Recently, i have learned the technique about Facial Landmark Detection. Facial Landmark Detection can help us to find where in the image a face is located and the location of different facial features ( e.g. eyes, eyebrows, mouth, nose etc ).
Facial Landmark Detection is a two step process. In the first step, you need to detect the face in an image. Second, The landmark detector finds the landmarks inside the face rectangle. In my projects, i use Dlib’s 68-Points Model. Dlib’s face detector is based on Histogram of Oriented Gradients features(HOG) and Support Vector Machines (SVM). I'll introduce some applications based on Facial Landmark Detection below.
Face Morphing : Face Morphing is a technique which is widely used in movie and animations to change one image or shape into another seamlessly.

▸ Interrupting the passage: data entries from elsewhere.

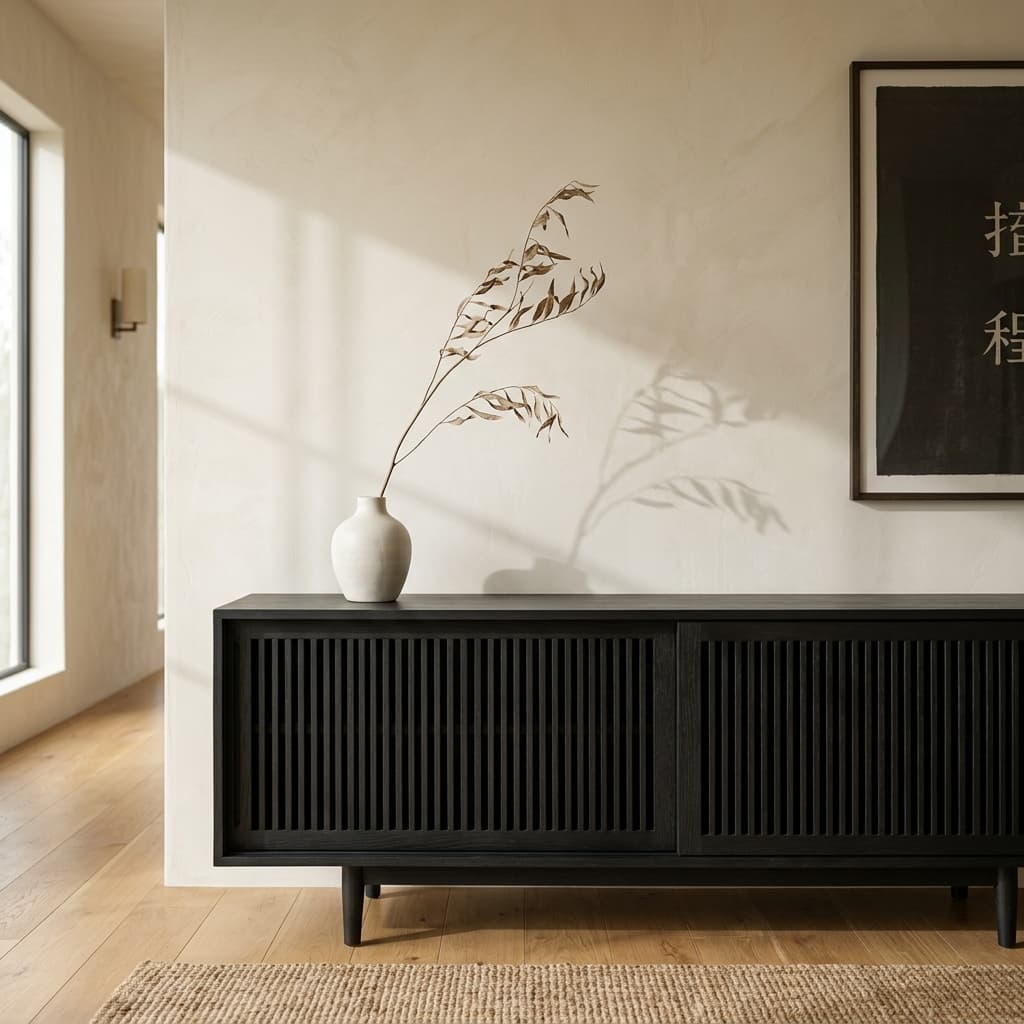 LOG Furniture — Living Collection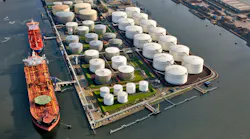 Clh Inter Terminals Amsterdam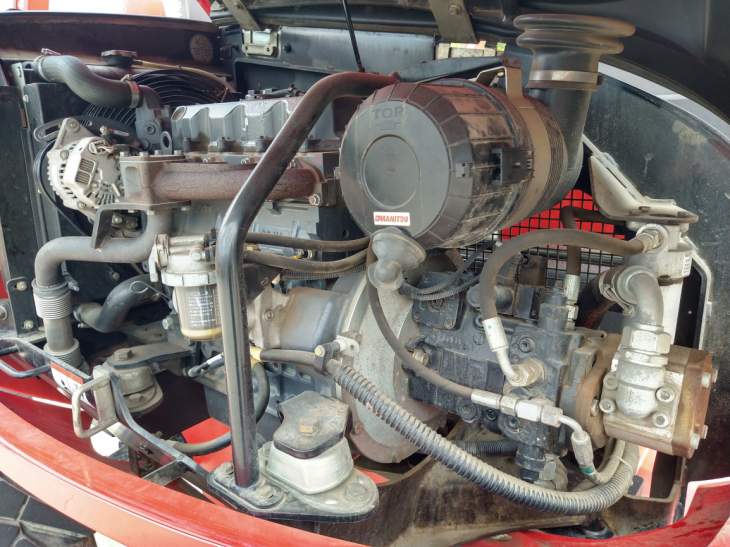 Afbeelding MANITOU 200 ATJ (137)
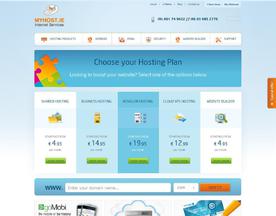 Myhost.ie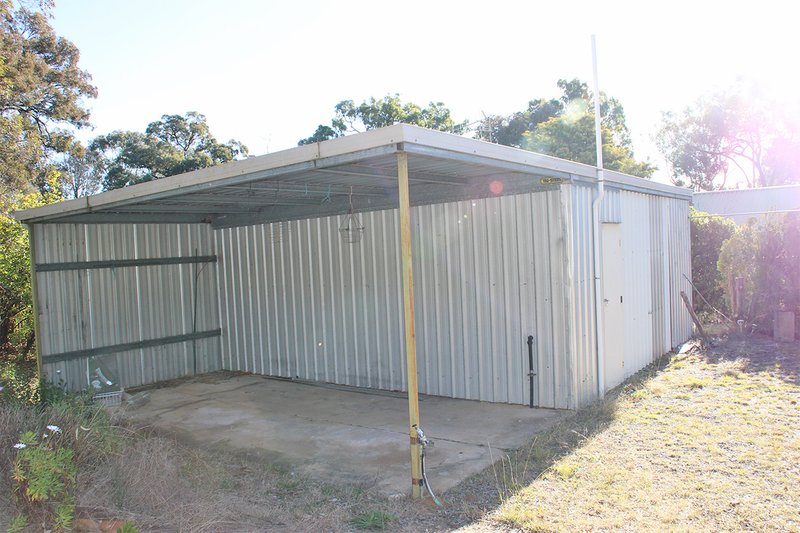 Photo - 31 Carrington Lane, Coonabarabran NSW 2357 - Image 5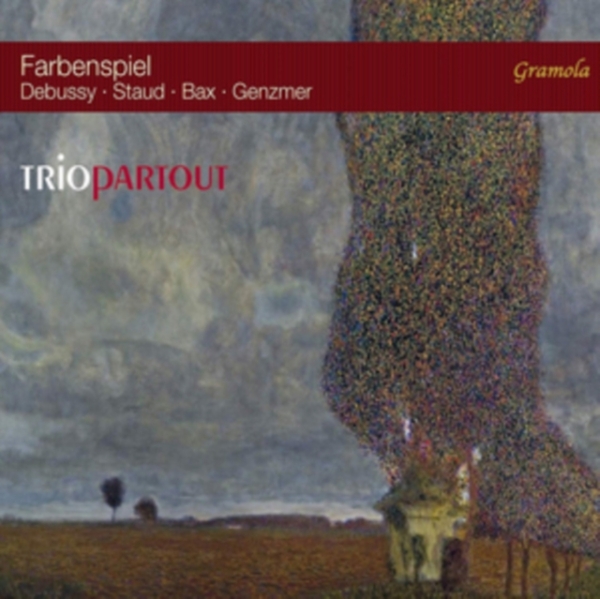 Various - Play Of Colours i gruppen Externt_Lager / Naxoslager hos Bengans Skivbutik AB (3665995)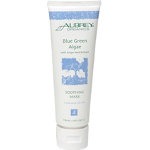 Aubrey Organics Blue Green Algae with Grape Seed Extract Soothing Mask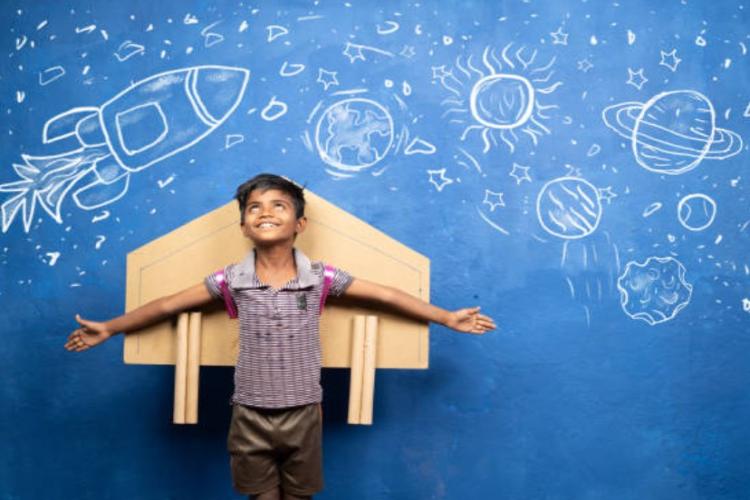 India education spending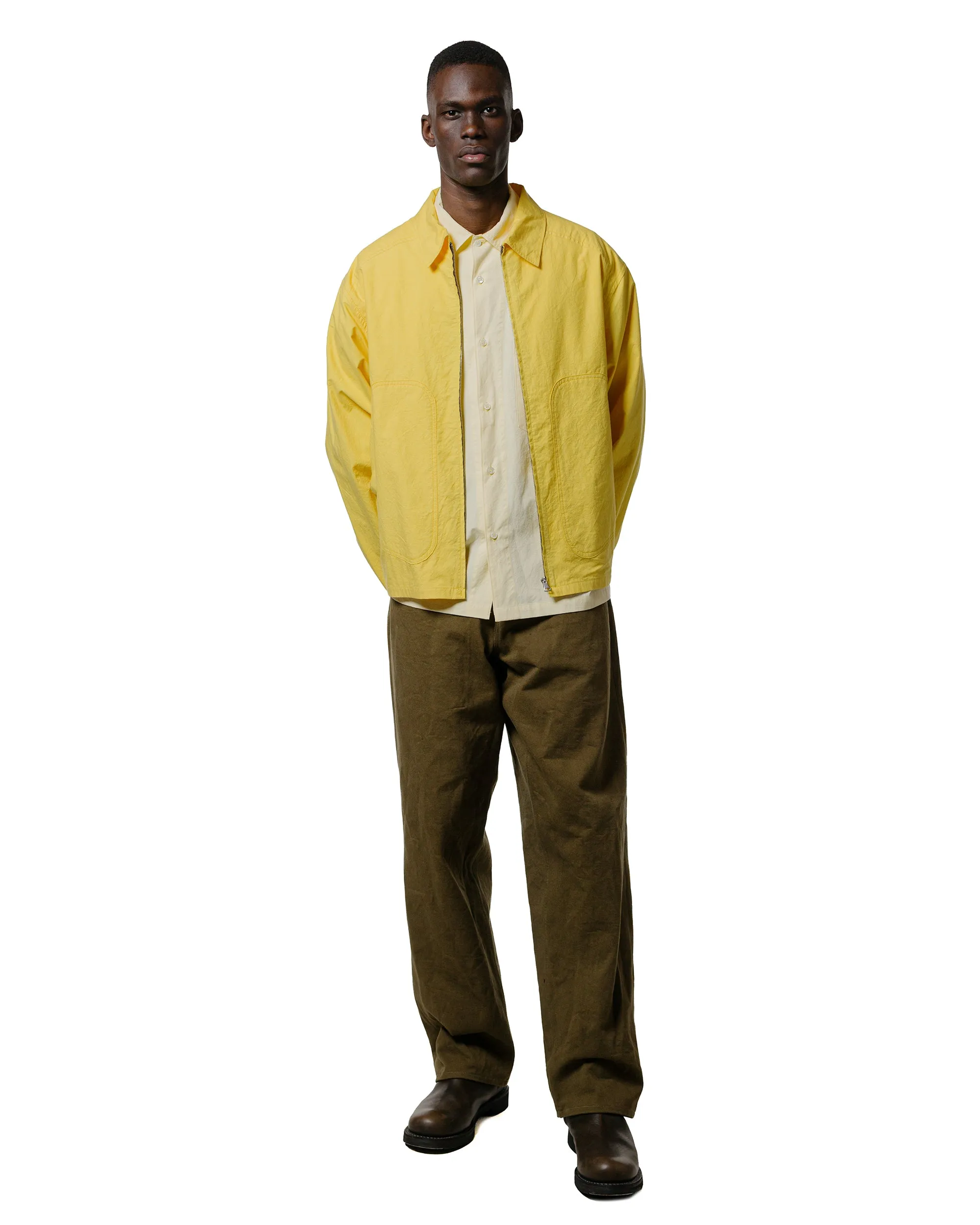 HENRY'S Spade Shirt Vesper Breathable Layer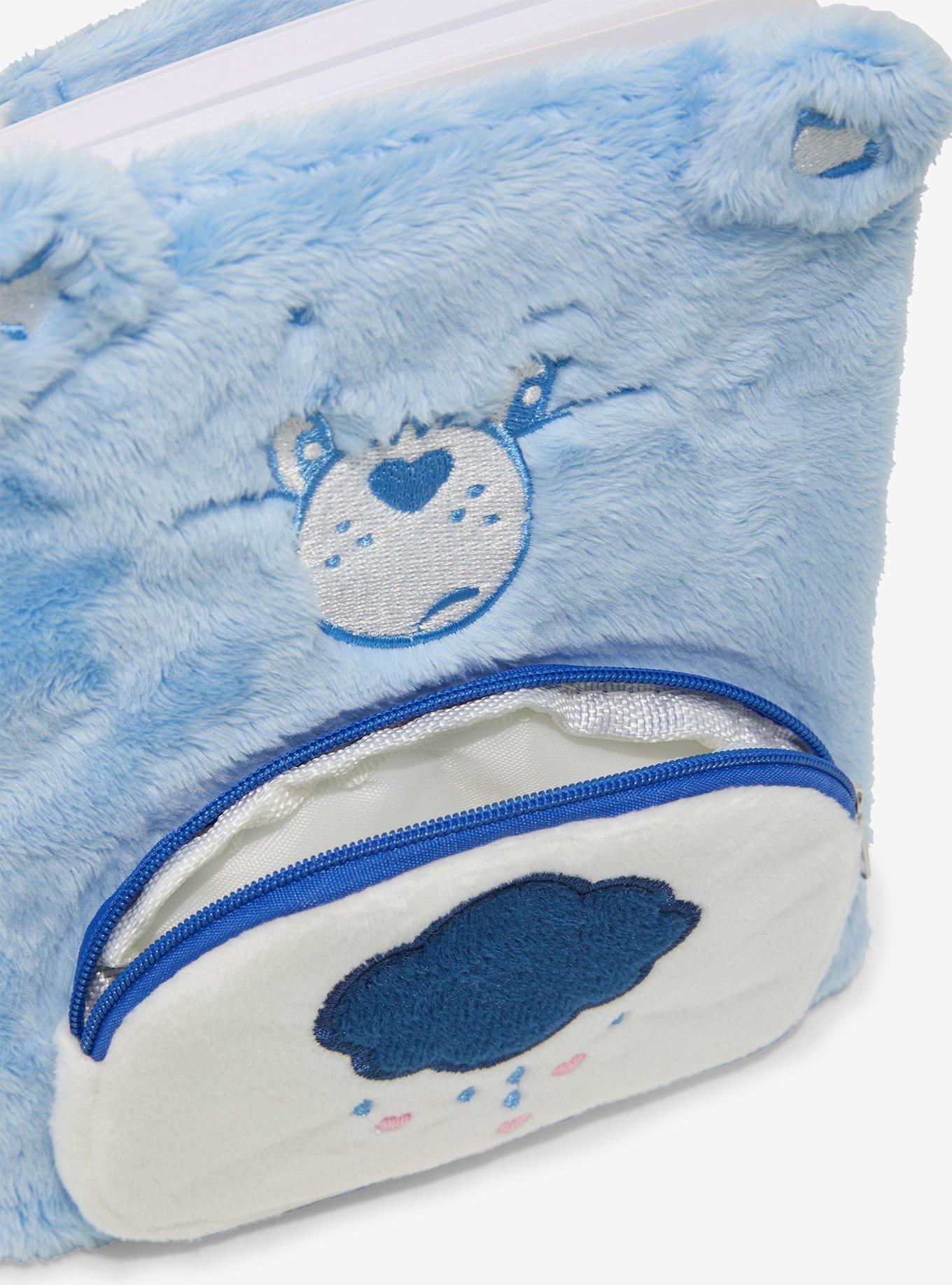 Care Bears Cheer Bear Plush Journal, , alternate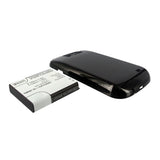 Batteries N Accessories BNA-WB-L16895 Cell Phone Battery - Li-ion, 3.7V, 2800mAh, Ultra High Capacity - Replacement for Samsung EB-L1H9KLA Battery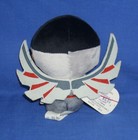 Hallmark Itty Bittys Marvel Avengers Falcon 2017 Plush And Pellet Filled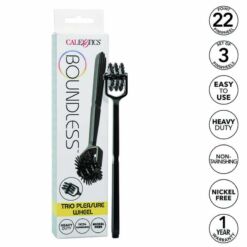Comprar CALEXOTICS - BOUNDLESS RUEDA DE PLACER TRIO al mejor precio - Envíos Discretos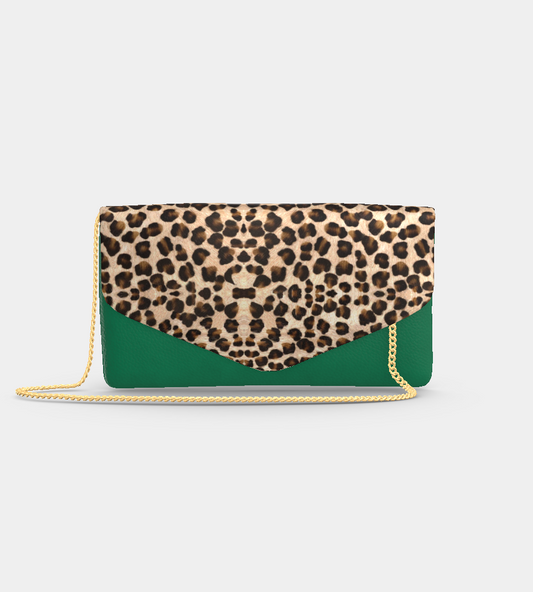 Custom Comodo Envelope Clutch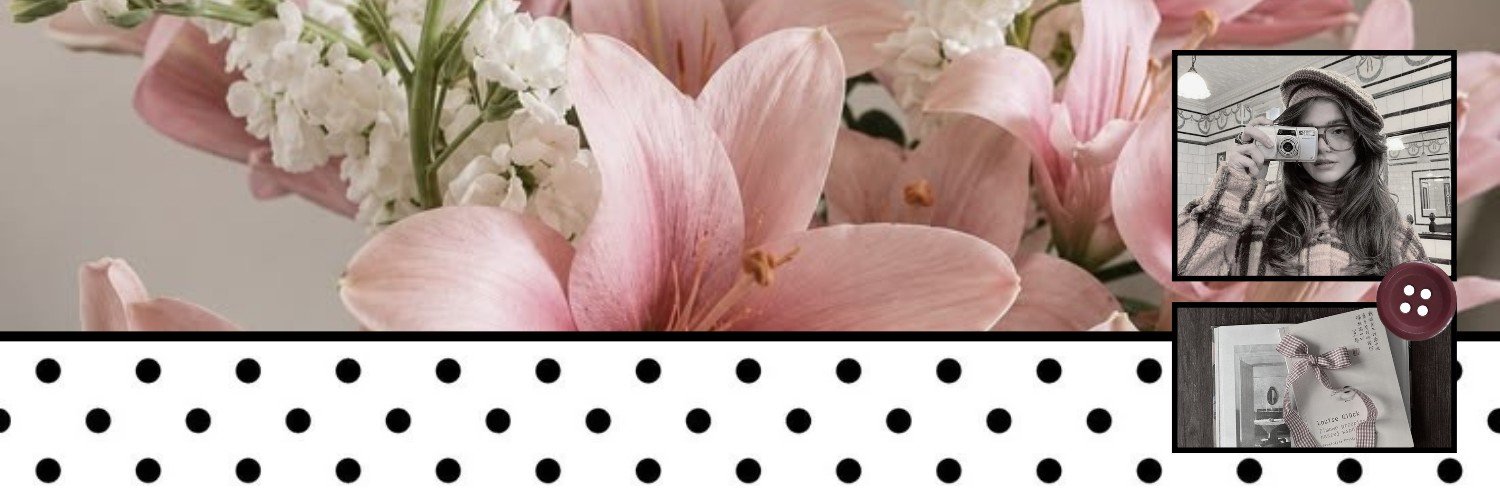 laceliee's profile banner image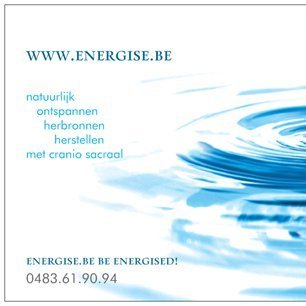 Energise.be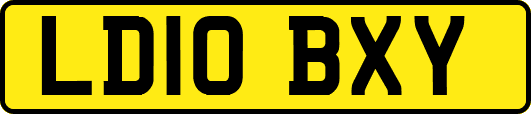 LD10BXY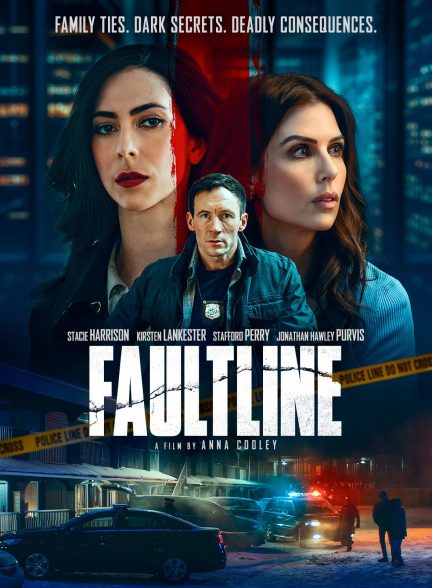 فیلم Faultline 2024 | خط گسل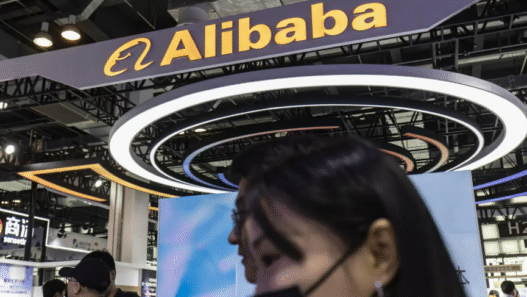 alibaba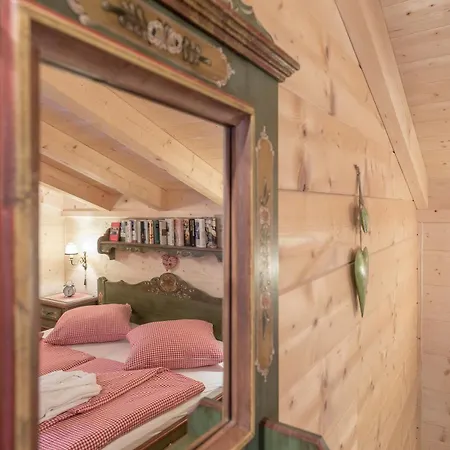 Oetztal Hotel Sautens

Given two images I and J we want to create an between image M by blending images I and J. The blending of images I and J is controlled by a parameter α that is between 0 and 1 (0<=α<=1). When α is 0, the morph M looks like I, and when α is 1, M looks like J. You can blend the images using the following equation at every pixel (x,y) , M(x,y)=(1−α)I(x,y)+αJ(x,y). But how can we do the Nonlinear Transforms between images I and J? Let's see the next section.
Nonliner transforms : Nonliner transforms can be computationally expensive, because it requires you to calculate a mapping at every pixel based on some complex transform function. So we do the approximating nonlinear transforms using piecewise linear transforms. To accomplish this, the image can be divided into non-overlapping triangles by Delaunay triangulation, with these collection of triangles in the input image, we can do linear transform (warping triangles) to generate the output image.
Head pose estimation : The pose estimation described as Perspective-n-Point problem in computer vision. The goal is to find the pose of our head with a calibrated camera, and we know the locations of n 3D points on the head(or face) and the corresponding 2D projections in the image. We can know a lot of 2D feature points by facial landmark, and use the following 3D points :
Tip of the nose : ( 0.0, 0.0, 0.0)
Chin : ( 0.0, -330.0, -65.0)
Left corner of the left eye : (-225.0, 170.0, -135.0)
Right corner of the right eye : ( 225.0, 170.0, -135.0)
Left corner of the mouth : (-150.0, -150.0, -125.0)
Right corner of the mouth : (150.0, -150.0, -125.0)
We could transform the 3D points in world coordinates to 3D points in camera coordinates by Direct Linear Transform, and use Levenberg-Marquardt algorithm to minimize the reprojection error. In OpenCV the function solvePnP and solvePnPRansac can be used to estimate pose.